-- EXERCISE DATA --
((
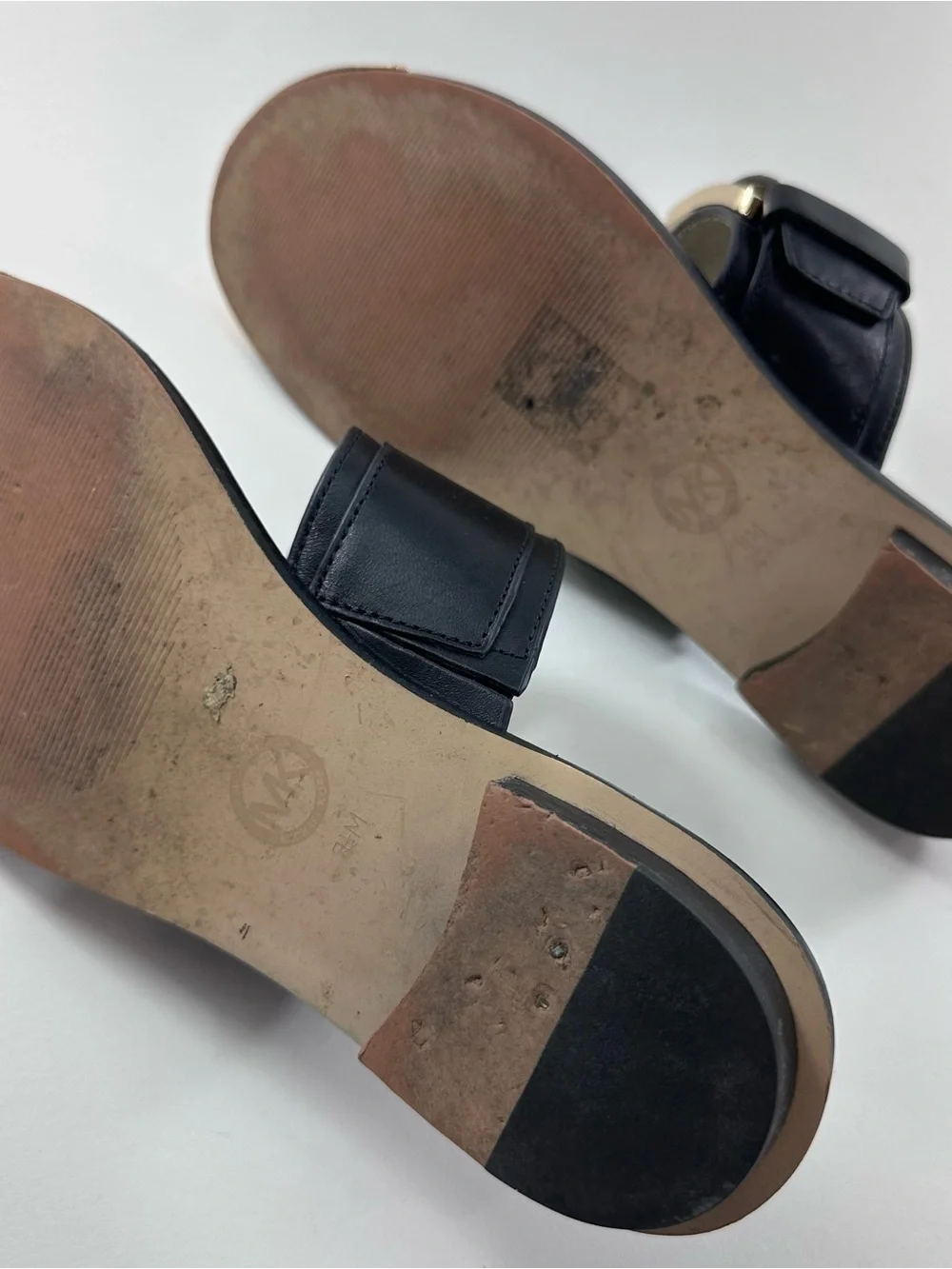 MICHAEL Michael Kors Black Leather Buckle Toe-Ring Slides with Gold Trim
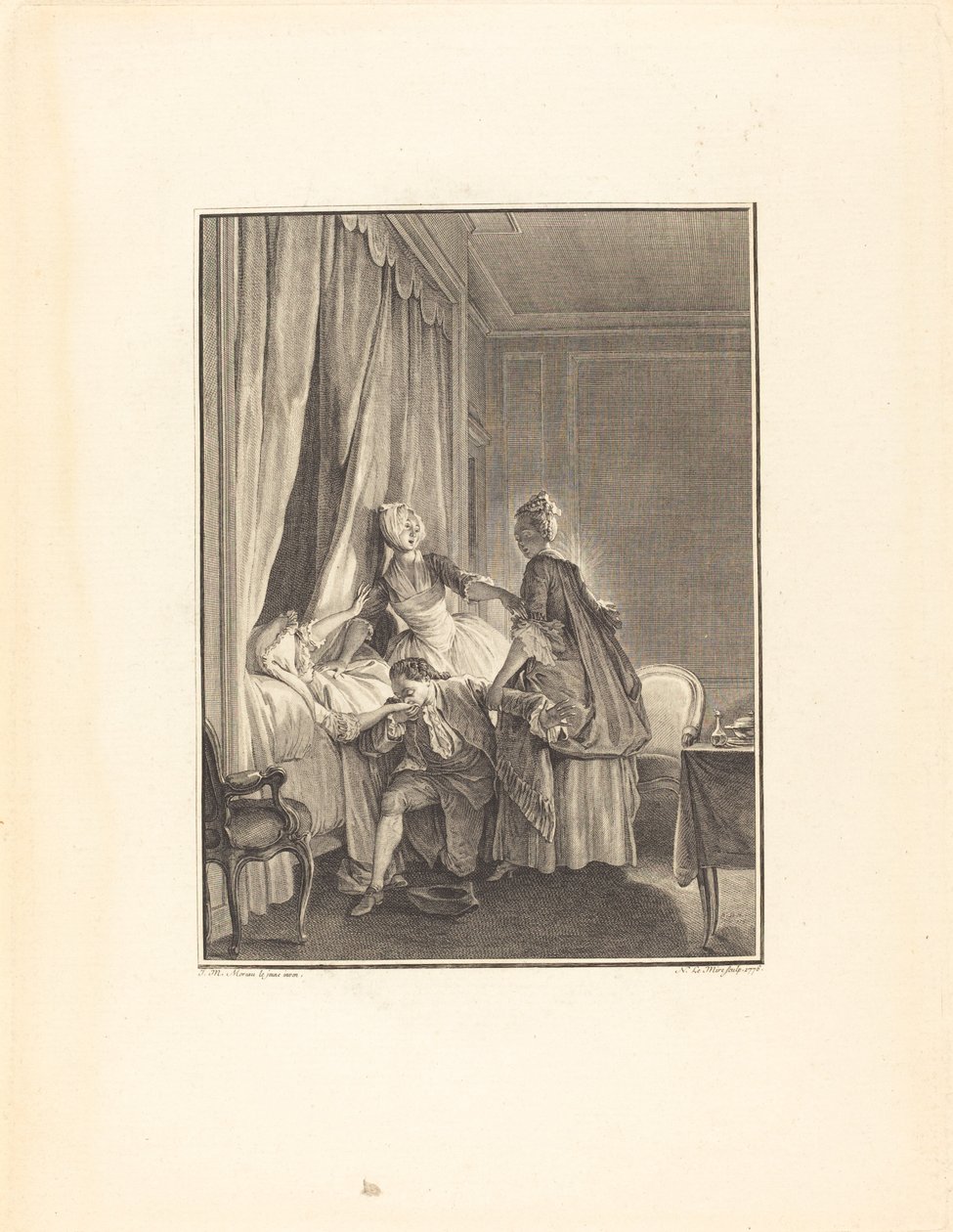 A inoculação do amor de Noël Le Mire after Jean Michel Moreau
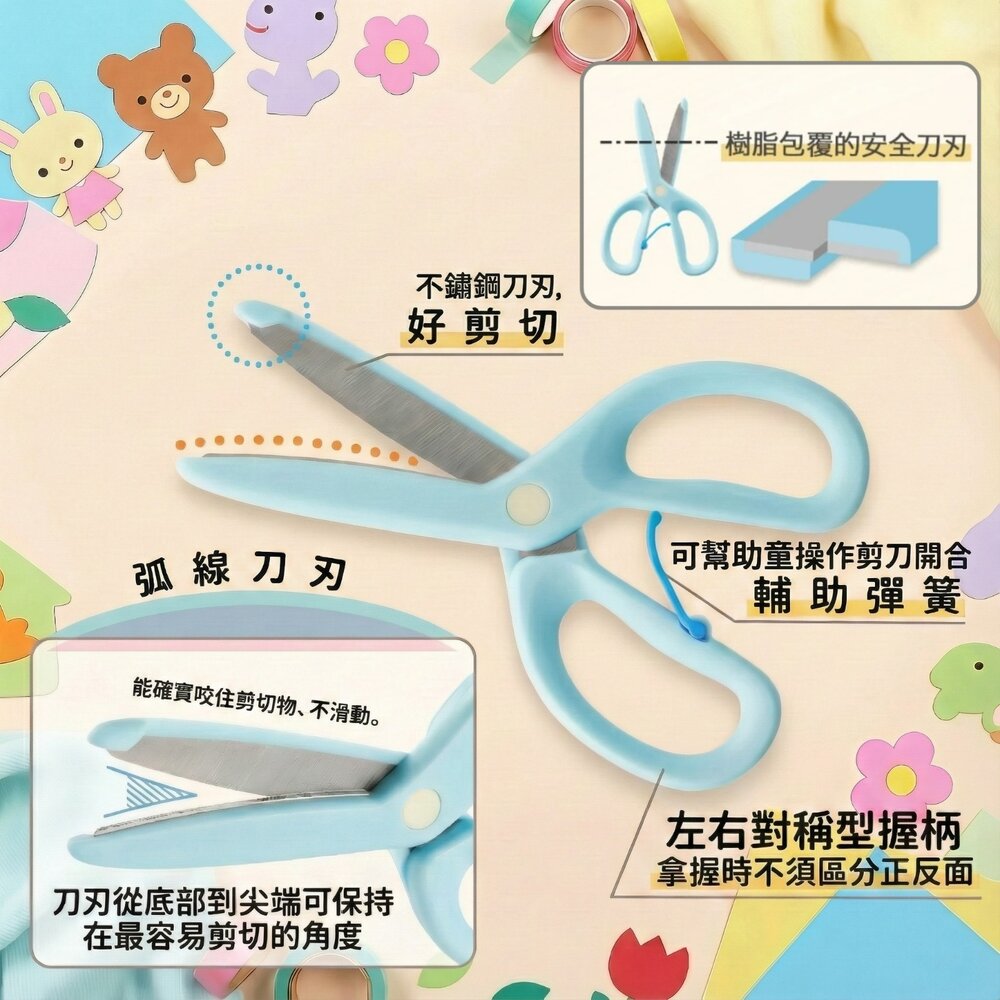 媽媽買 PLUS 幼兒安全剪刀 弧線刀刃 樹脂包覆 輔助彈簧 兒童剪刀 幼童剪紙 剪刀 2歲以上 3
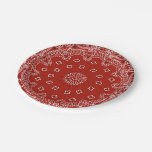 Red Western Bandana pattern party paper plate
))
-- WORK INSTRUCTION --
For this exercise, restate the material exactly and skip every picture.

-- RESPONSE TO THE TASK --
 MICHAEL Michael Kors Black Leather Buckle Toe-Ring Slides with Gold Trim
 A inoculação do amor de Noël Le Mire after Jean Michel Moreau
 媽媽買 PLUS 幼兒安全剪刀 弧線刀刃 樹脂包覆 輔助彈簧 兒童剪刀 幼童剪紙 剪刀 2歲以上 3
 Red Western Bandana pattern party paper plate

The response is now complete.